What is the best temperature to cook venison snack sticks at in the oven, it seems like they take longer than what they should take. My oven goes down to 170 degrees, what do you guys suggest?


----------



## Bearcarver

I did my Unstuffed Sticks in my Smoker, but I started lower to get more smoke, and jacked it up to finish them.

I would say if you have to use the oven, 170° would be fine for the whole time.
That however would take a long time because the temp isn't much higher than you're taking the Sticks to finish.
No Smoker??

My "Unstuffed Sticks":
*Unstuffed Beef Sticks (All Beef)  *

Bear


----------



## zachd

I usually start at 145 bump to 160 then go up to 175 180

So I would do 170 then bump to 175 then to 180 in oven


----------



## DIYerDave

I do mine in a dehydrater set at 155°. It takes about 6 hours. I only finish mine in the oven for 15 minutes set at 200° rack all the way up. A lot of variables come into play. Thickness, fat content, casings or no casings, etc. How long does it take you?


----------



## pawildoutdoors

Bearcarver said:


> I did my Unstuffed Sticks in my Smoker, but I started lower to get more smoke, and jacked it up to finish them.
> 
> I would say if you have to use the oven, 170° would be fine for the whole time.
> That however would take a long time because the temp isn't much higher than you're taking the Sticks to finish.
> No Smoker??
> 
> My "Unstuffed Sticks":
> *Unstuffed Beef Sticks (All Beef)  *
> 
> Bear


No smoker and theses are in collagen casings. I need to get a cheap small smoker sometime.


----------



## pawildoutdoors

DIYerDave said:


> I do mine in a dehydrater set at 155°. It takes about 6 hours. I only finish mine in the oven for 15 minutes set at 200° rack all the way up. A lot of variables come into play. Thickness, fat content, casings or no casings, etc. How long does it take you?


I believe it was like 10 hours the last time, I have it wrote down somewhere.


----------



## archeryrob

Ten hours? They only need to get to 145 for 10 minutes or longer. I did hotdogs in the smokehouse at 125 for 3 hours and raised to 170 slowly and held that for an hour. Total time in was about 6 hours and they were done and that was slow. I would think starting at 170 they would have to be done in 4 hours. If you go over 180 much the fat can cook to the outside and dry them out. 

You need to use a temp sensor next time. Go to Walmart and get a cheap one. I use one like this for baking rolled venison back strap to keep at around 140. You at least need a hand temp probe, but them you messup the oven heat opening the door.


----------



## zachd

Usually finished sticks are around 160-175 IT

If you cook them at 180 the whole time they should hit 160 at about the 8 hour mark


----------



## archeryrob

Why would you cook past an IT of 160?


----------



## zachd

Well since 160 is the least safest temp you should cook them too some people cook higher.

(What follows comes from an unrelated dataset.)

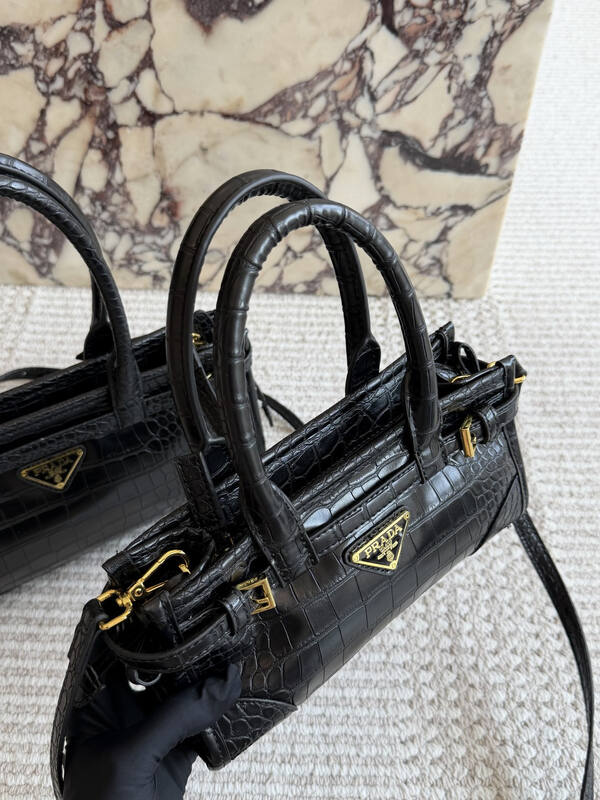 Prada Black shoulder bag — AAA Quality Replica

Kind of like anything else some people go to a litte higher temp

I can tell you 145 is not safe


----------



## archeryrob

145 is safe,* IF* held at that IT for an extended time. I cook bologna no high than 145 all the time. I hold that temp for 15 minutes or longer many times. You only need 9 minutes for 140 and I thin 145 was like 5 minutes and 150 was 3 minutes. 

Cooking past 160 is just overkill. DaveOmak posted all kinds of this stuff up on the Food Safety forum. Plus we have pounded and pounded this in many other threads. ;) Its lots of reading to wrap your head around, but its all posted in the other sub forum and Dave did a lot of writing about it. It took a bit to sell me too, bt I got sold on it.


----------



## zachd

Yes i know the chart but with snack sticks you know for sure all of your sticks are at that temp for that long?
I dont know about you but I do a bunch at a time and I have read temp and there are some sticks with a large swing in internal temp. I will stick with sticks should be cooked to 160 I will play it on the safe side with stuff like jerky and sticks. 
I guess everyone else is over cooking there sticks because 165 is pretty damn universal for just about every recipe out there. 

Thats my opinion and you wont sway me otherwise


----------